SPD macht Druck

Der SPD Ortsverein Kempten Süd-St.-Mang hat eine Unterschriftenaktion zum Erhalt des Programms „Soziale Stadt St.-Mang“ gestartet. Grund für die Aktion ist laut Manfred Pfau, Sprecher des Ortsvereins, die Kürzung der bundesweiten Mittel für die Projekte Soziale Stadt und die Streichung der Förderung von sozial-integrativen Maßnahmen (der KREISBOTE berichtete mehrfach).

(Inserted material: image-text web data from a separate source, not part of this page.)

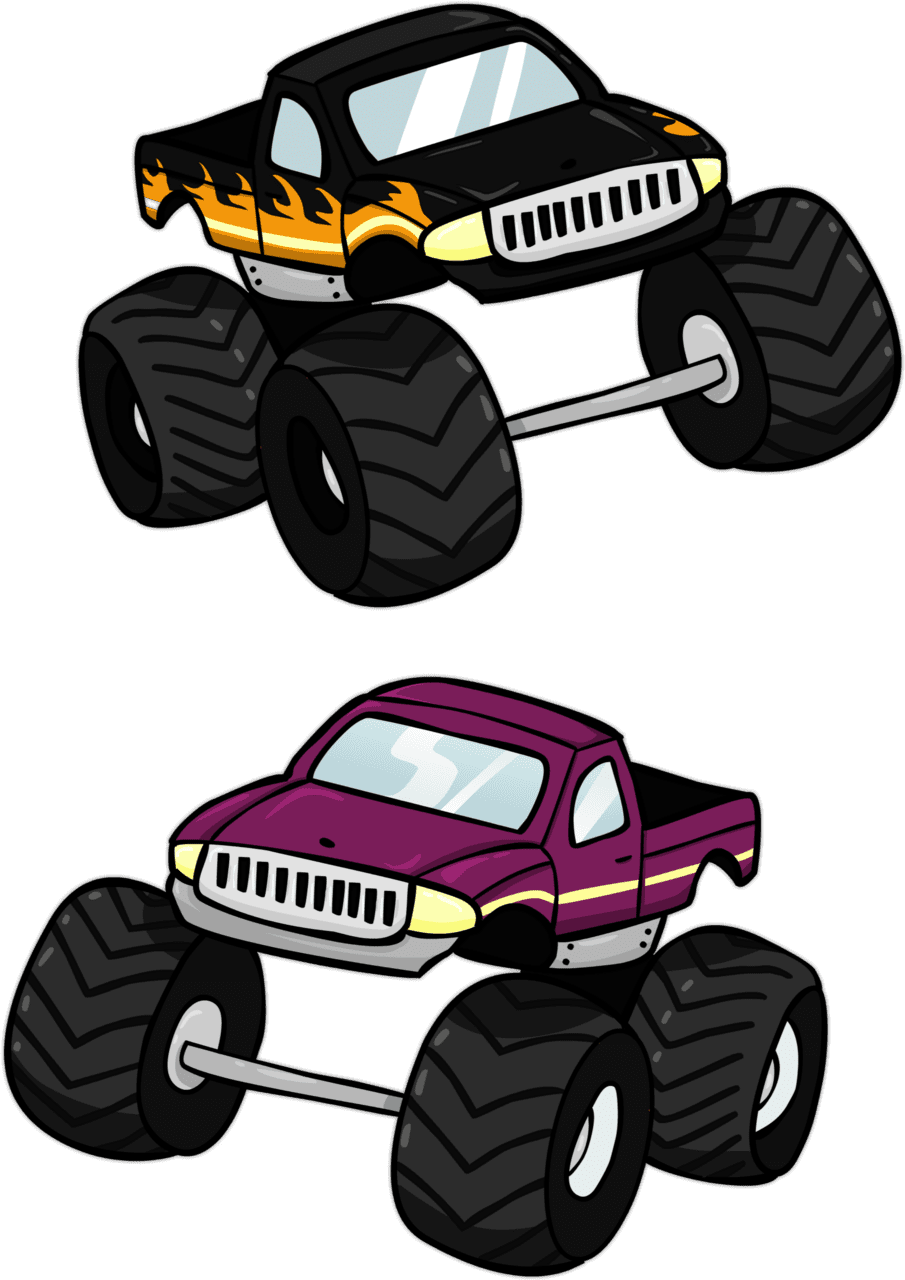 Hd couple of monster truck image clipart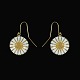 Bernhard Hertz. 
Gilded Sterling 
Silver Daisy 
Ear Hooks with 
enamel. 18mm
Crafted by 
Bernhard ...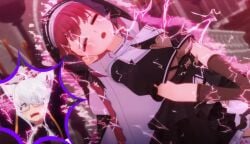 erodere hololive hololive_japan houshou_marine houshou_marine_(nun) lewdtuber masochist masodere nun vtuber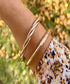 Playita Beach Bracelet - Armreif geflochten in Champagne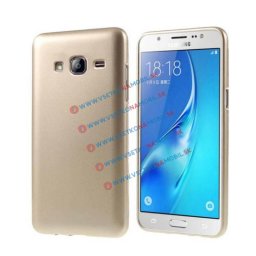 Szilikon védőburkolat Samsung Galaxy J3 2016 arany
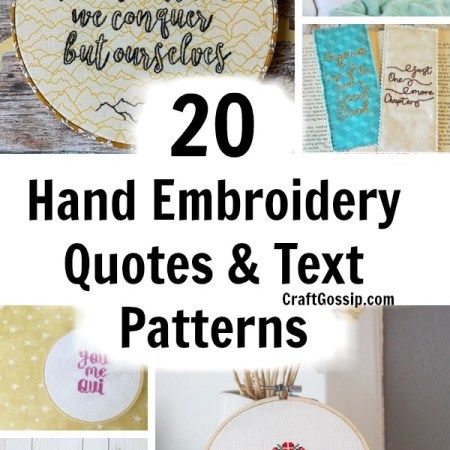 20 Hand Embroidery Quote Patterns Hand Embroidery Quotes, Emboridary Designs, Frozen Cross Stitch, Embroidery Quotes, Tea Cosy Knitting Pattern, Stitch Witchery, Subversive Cross Stitch, Pattern Quotes, Hand Embroidery Videos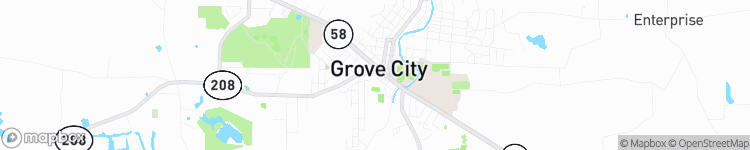 Grove City - map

Zwar hatte der heimische CSU-Bundestagsabgeordnete Dr. Gerd Müller unlängst angekündigt, dass die Regierungskoalition den Etat für das Programm wieder aufstocken wolle. Doch bei genauerem Hinsehen entpuppte sich Müllers „freudige Nachricht“ schnell als Blendwerk. Entgegen erster Befürchtungen, dass die Mittel 2012 weiter gekürzt würden, ist zwar tatsächlich jetzt von Schwarz-Gelb angekündigt worden, die Mittel für das Bundesprogramm „Soziale Stadt“ im kommenden Jahr wieder etwas zu erhöhen. Allerdings nur von jetzt 28 Millionen Euro auf etwa 40 Millionen, anstelle der 105 Millionen im Jahre 2010. „Dieser noch nicht beschlossene Anstieg der Mittel ist natürlich zu begrüßen, reicht aber nicht für alle Projekte in Deutschland aus“, betonte Pfau vergangene Woche in einer Pressemitteilung. Benedikt Mayer, Leiter des Projekts Jugend, Schule und Soziales, bezeichnete die angekündigte Erhöhung kürzlich im KREISBOTEN ebenfalls als „nicht der große Wurf“. Für St.-Mang bedeuten die reduzierten Finanzmittel sowie die wegfallende Förderung von sozial-integrativen Maßnahmen konkret, dass die Finanzierung der Schulsozialarbeit an der Robert-Schuman-Schule massiv gefährdet ist, die Angebote im Jugendzentrum reduziert werden müssen und kaum Gelder für Projekte wie Bürgerpark oder Mehrgenerationenhaus zur Verfügung stehen. Die SPD St.-Mang fordert daher, dass die Mittel wieder aufgestockt werden und sozial-integrative Maßnahmen gefördert werden. Deshalb hat der Ortsverein nun eine Unterschriftenaktion gestartet und fordert die Bürgerinnen und Bürger auf, sich einzutragen. Die Listen sollen an die Bundesregierung und die örtlichen Bundestagsabgeordneten übergeben werden. Listen für die Bürger zum Unterschreiben liegen aus in den Läden im Oberösch, Gaststätte Löwen, Stadtteilbücherei, Restaurant Schmelztiegel, Bambini-Park, Elektro-Mayr, Backhexe, Papier Weindler, Bäckereien Reitmeyer und Hörmann, im Kempodium und in der SPD-Geschäftsstelle.